One of the awesome things about becoming a data scientist in industry and especially in smaller companies or startups, is that in a lot of cases you can build a predictive model and see useful results, fast. And sometimes you start seeing something that you feel like could be high impact around the corner.
All those infographics, always some Venn diagram, about “what is a data scientist?”, emphasize the combination of statistics/ML, engineering and business/narrative building skills that comprise sort of the wishful thinking list that bad recruiters then mistakenly put on “data analyst” job reqs. The first and second categories, statistics/ML & engineering — great, no debating those.

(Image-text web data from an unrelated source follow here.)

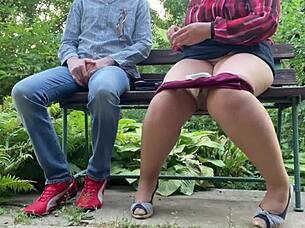 horny mature bbw flashes curvy ass pantyhose secrets outdoors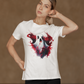 A woman wears a white t-shirt with a creepy Halloween ghost design.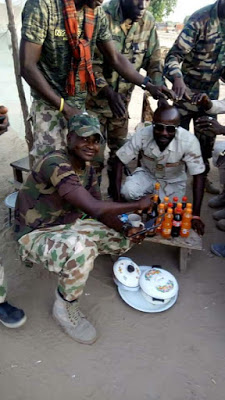 Nigerian soldier celebrates birthday for the 4th time at War-Front (Photos)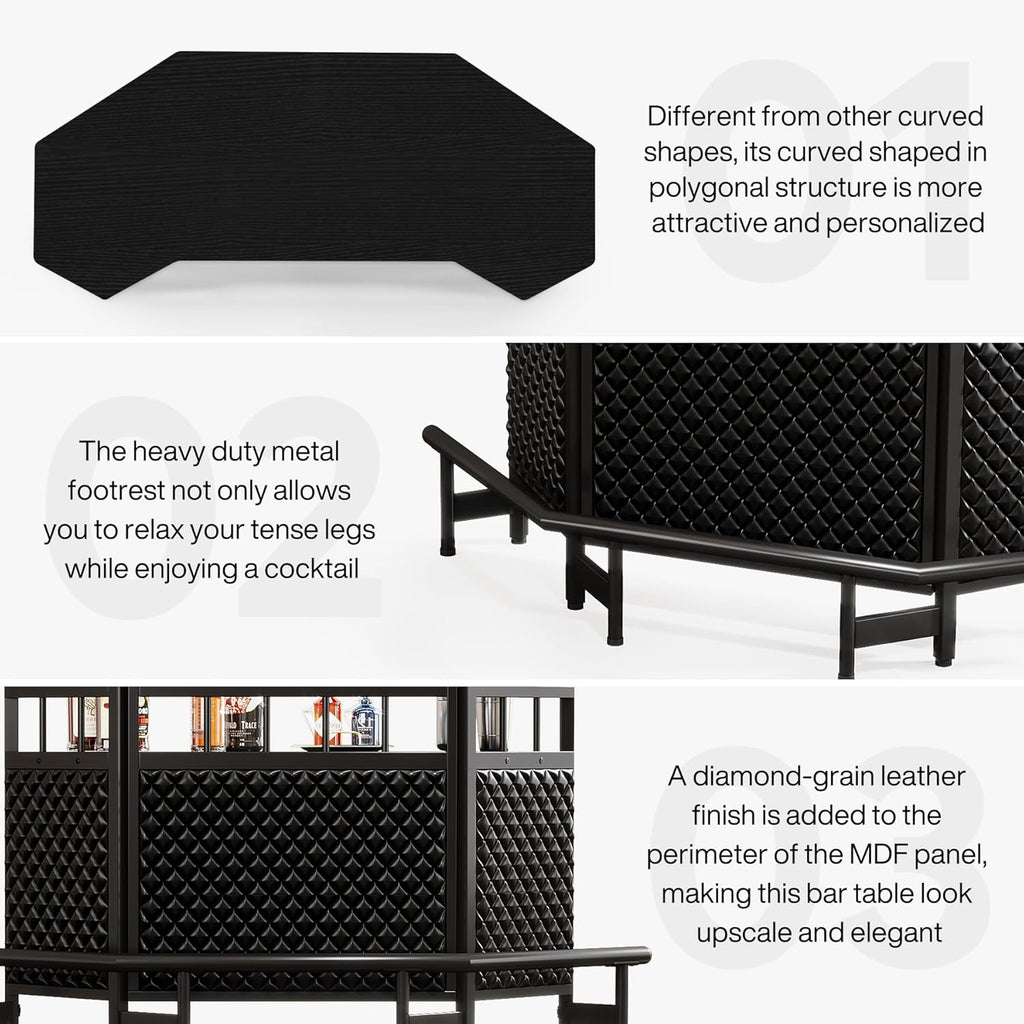 Black 4 Tier Bar Cabinet with Stemware Rack A401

The third, business/narrative building, is an interesting one, and it is important, but it can lead to a lot of problems, as I have found out myself. I do believe “business” and “narrative building” fall in the same bucket a lot for the following reason. To get people to buy into a data science idea, particularly one that might change the business and organization in a significant way, there is (and should be) a large burden of proof on the data scientist. That burden is not just an empirical one if it’s a pretty big idea, but it’s one where the you have to put a good story behind what you’re trying to sell. That story pretty much has to resonate with everyone. It’s not an easy skill to learn of course because the narrative you need to build varies completely by situation and it’s more of an art than a science. For once I’ll brag: I’ve gotten half decent at this. I have found that a good narrative can really accelerate the adoption of and excitement surrounding some data science idea or model.
But the problem is, where you really think you will and are eager to see the results a model or insight can drive, there is a tendency to construct a narrative around something empirical too fast. Worse, there is an inclination to build a narrative around a finding that might even contradict your original hypothesis.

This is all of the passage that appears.